▸ COLLECTED DATA
*** Block opens ***

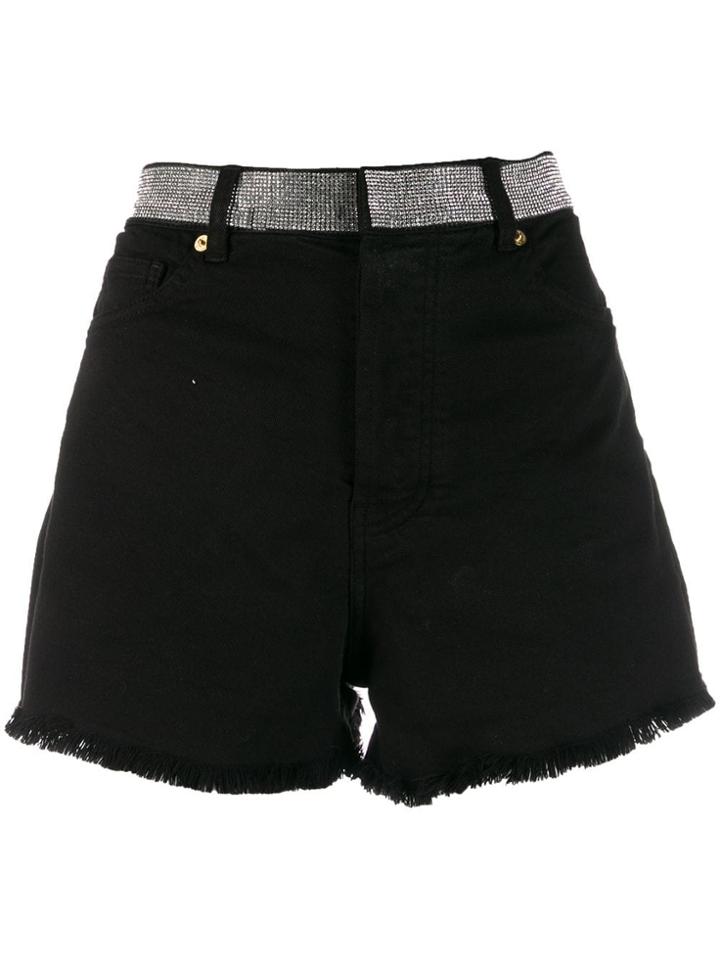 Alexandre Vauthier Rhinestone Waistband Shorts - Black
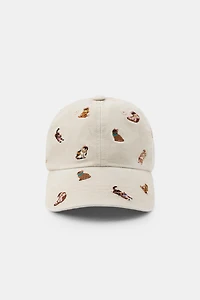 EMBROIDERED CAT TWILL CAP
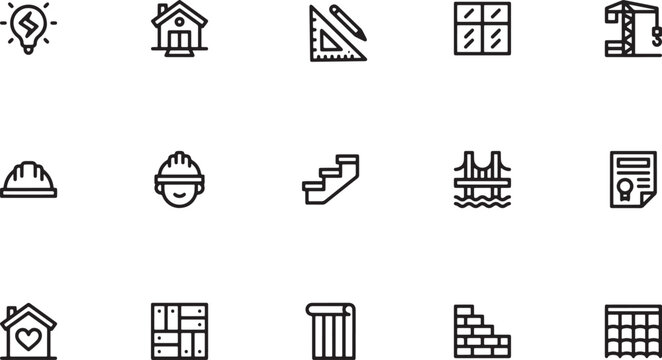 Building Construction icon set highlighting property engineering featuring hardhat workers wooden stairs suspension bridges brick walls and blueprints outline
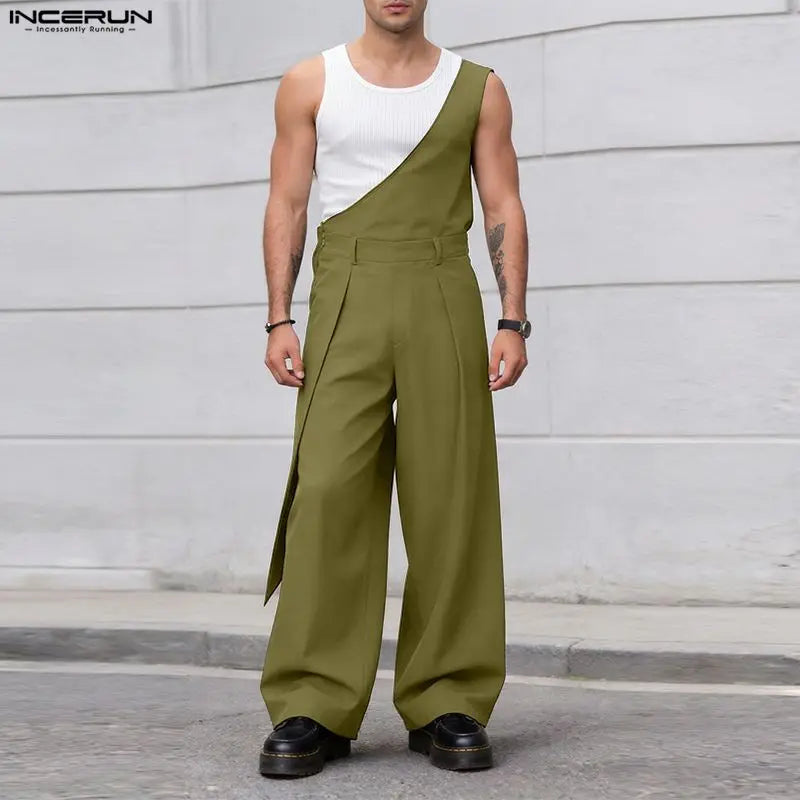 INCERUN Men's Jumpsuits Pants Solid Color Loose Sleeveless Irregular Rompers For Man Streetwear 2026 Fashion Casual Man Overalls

*** Block closes ***

▸ TASK DESCRIPTION
Would you return the whole listing exactly, without the pictures?

▸ EXERCISE RESULT
 Alexandre Vauthier Rhinestone Waistband Shorts - Black
 EMBROIDERED CAT TWILL CAP
 Building Construction icon set highlighting property engineering featuring hardhat workers wooden stairs suspension bridges brick walls and blueprints outline
 INCERUN Men's Jumpsuits Pants Solid Color Loose Sleeveless Irregular Rompers For Man Streetwear 2026 Fashion Casual Man Overalls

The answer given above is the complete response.